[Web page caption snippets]
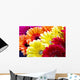 Gerbera Flowers Wall Decal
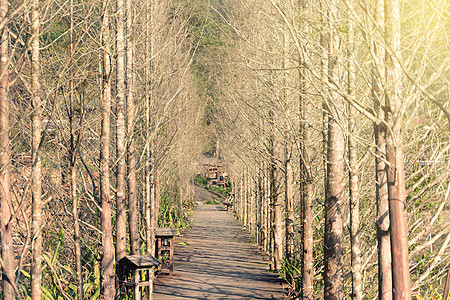 森林中的木林路径土地植物小路场景场地季节日落蓝色风景公园图片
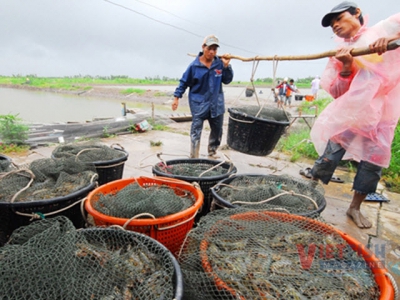Price of raw material shrimp rise again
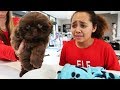 TIANA CRIED!! CHRISTMAS PUPPY SURPRISE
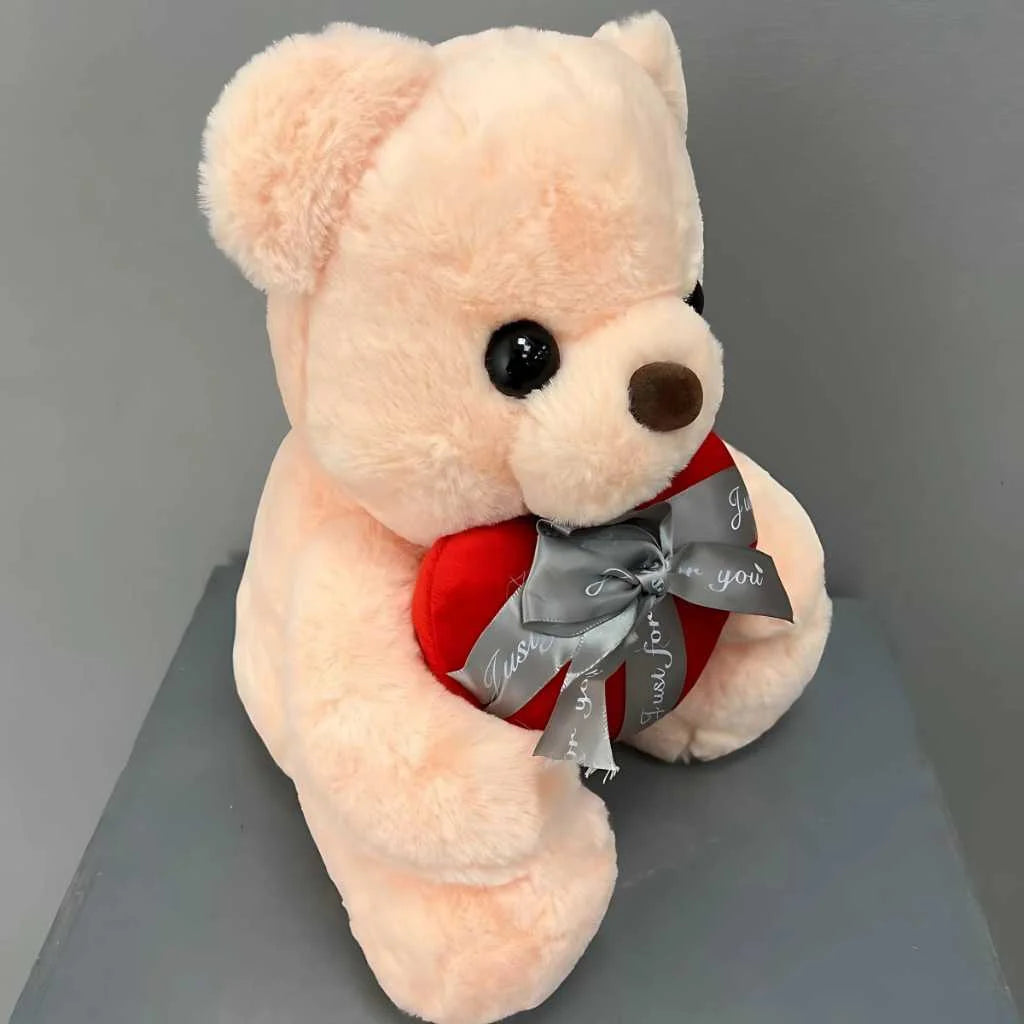 Cute Plush Teddy Bear for Girls with Heart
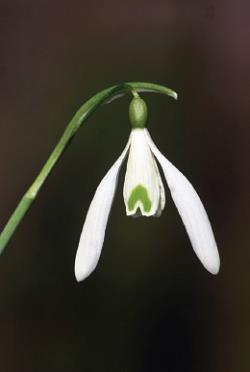 Common Snowdrops Common Snowdrops (Galanthus nivalis L.) CULTIVARS IN SLOVENIA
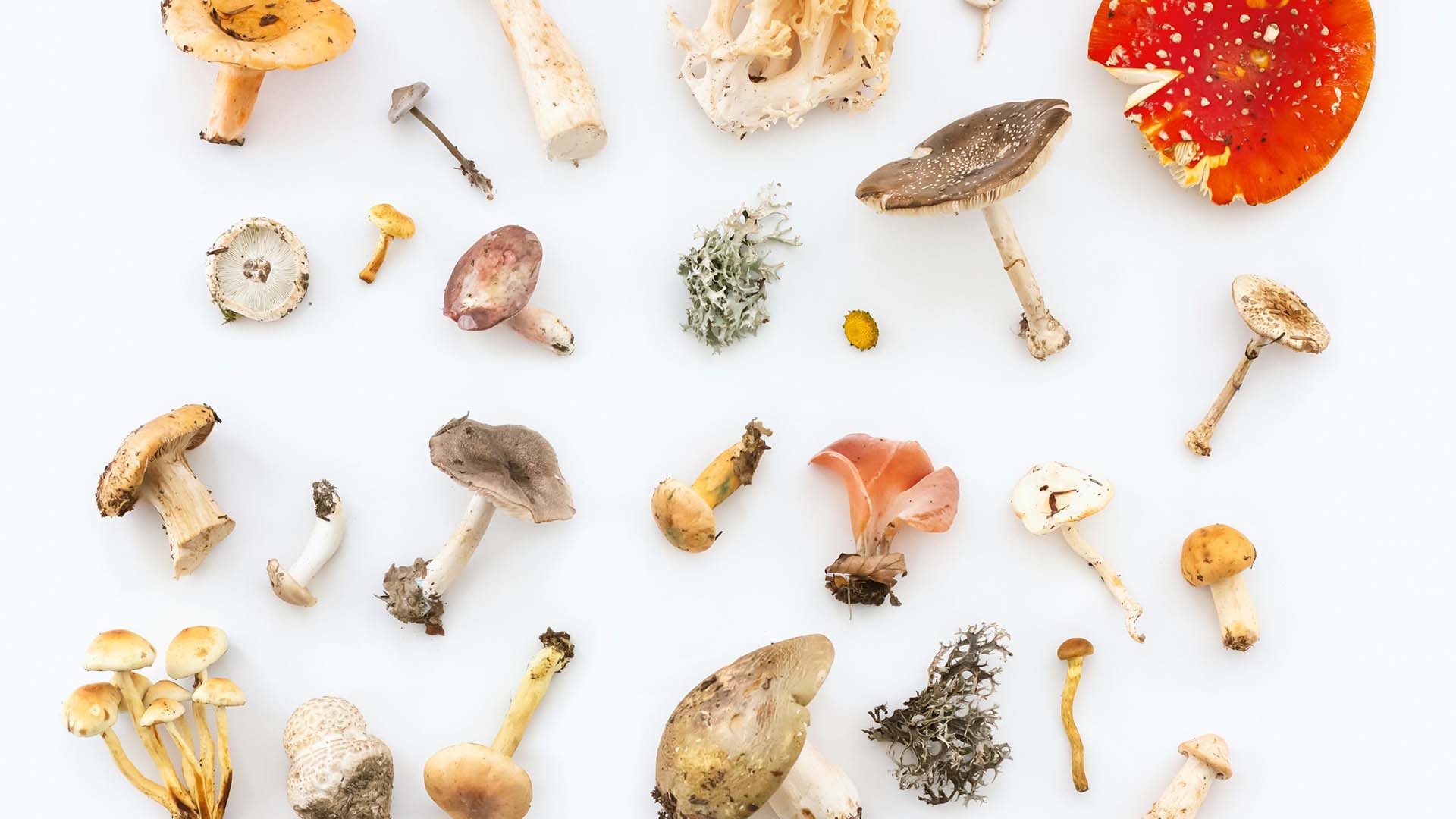 different mushroom varieties scattered on a white surface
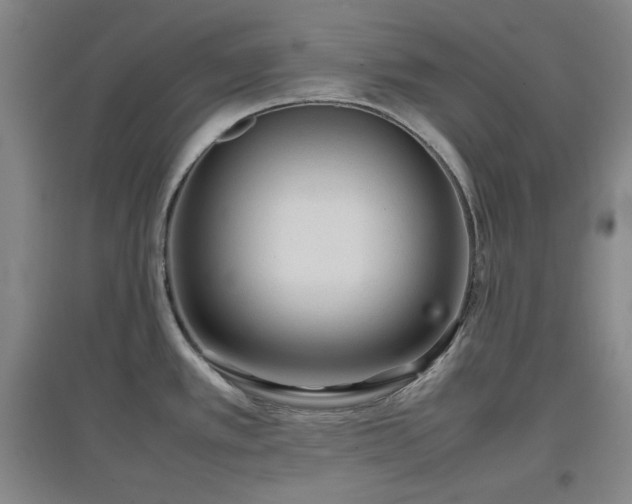 X0000097501389200802221435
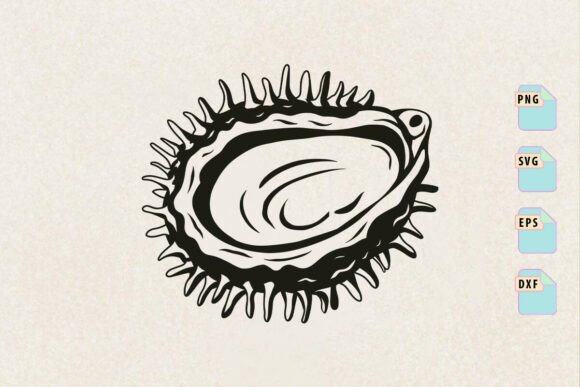 Clam Shell Svg, Ocean Svg, Sea Life Svg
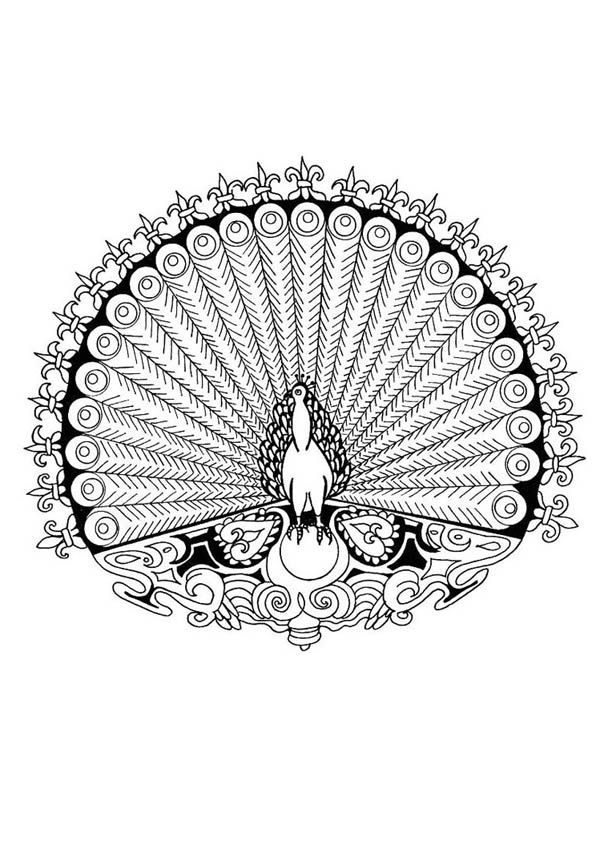 Merak Mandala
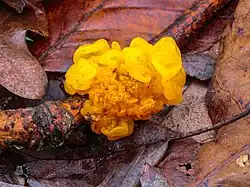 La Trémelle mésentérique parasitant le genre Peniophora.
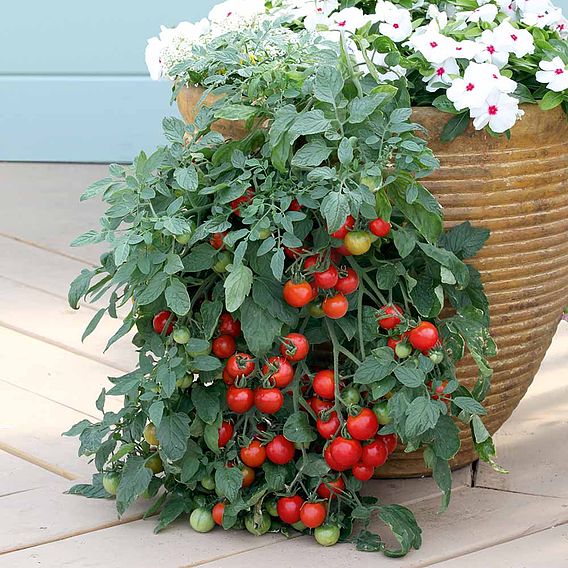 Tomato 'Tumbling Tom Red (Determinate)' - Seeds
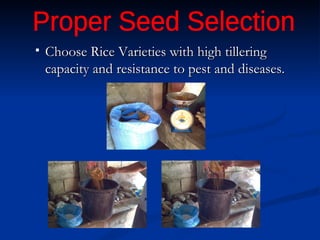 Choose Rice Varieties with high tillering capacity and resistance to pest and diseases. Proper Seed Selection  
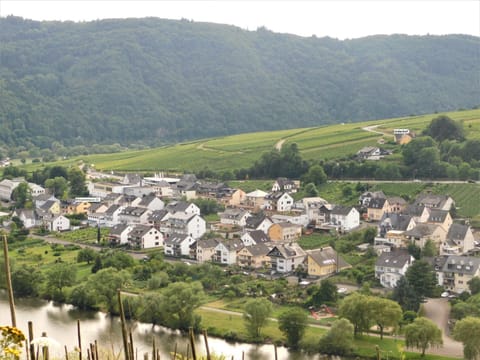 Die Ferienwohnung Lindenhof Apartment in Cochem-Zell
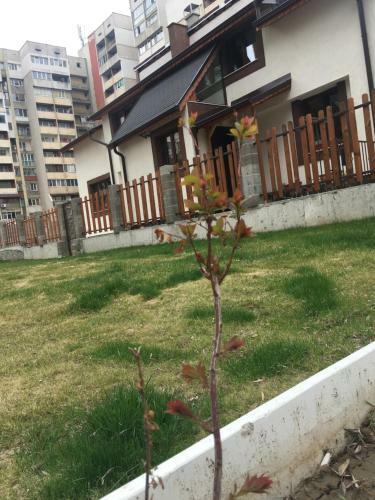Hostal Sofia Family House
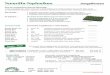 Teneriffa-Topfnelken Jungpflanzen · Kulturinformation Teneriffa-Topfnelken Sehr wichtig ! Wichtig - gießen sie die Pflanzen im Jungstadium, besonders wenn sich diese noch in den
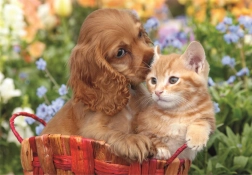 Puzzle maxi 104 dielikov Roztomilí kamaráti CLEMENTONI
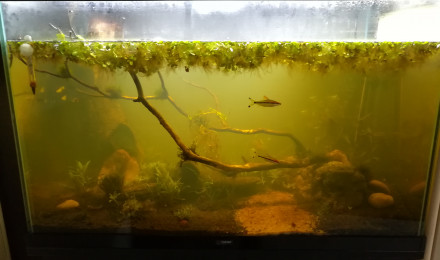 aquarium Aquarium naturel planté 140L low tech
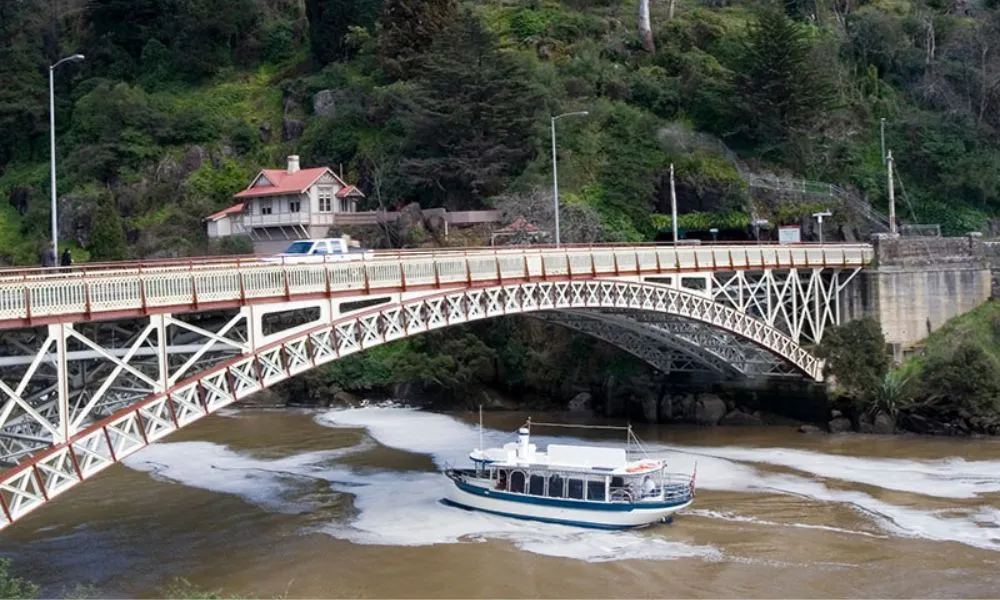 Tamar River Morning or Afternoon Cruise - Book Now | Experience Oz-1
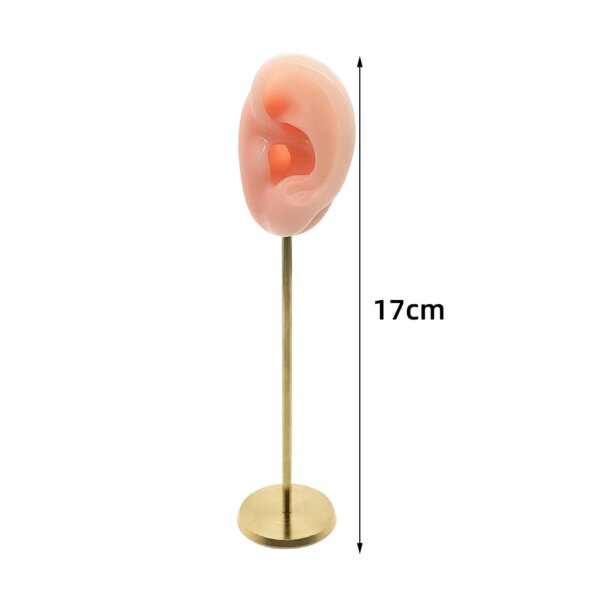 porte boucle d oreille Présentoirs de Boucles d'Oreilles Durables en Silicone Souple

What needs to be done:
Omit the pictures and write out the lines above from the one with "Puzzle maxi 104" through the last, unchanged.

Answer box:
 Puzzle maxi 104 dielikov Roztomilí kamaráti CLEMENTONI
 aquarium Aquarium naturel planté 140L low tech
 Tamar River Morning or Afternoon Cruise - Book Now | Experience Oz-1
 porte boucle d oreille Présentoirs de Boucles d'Oreilles Durables en Silicone Souple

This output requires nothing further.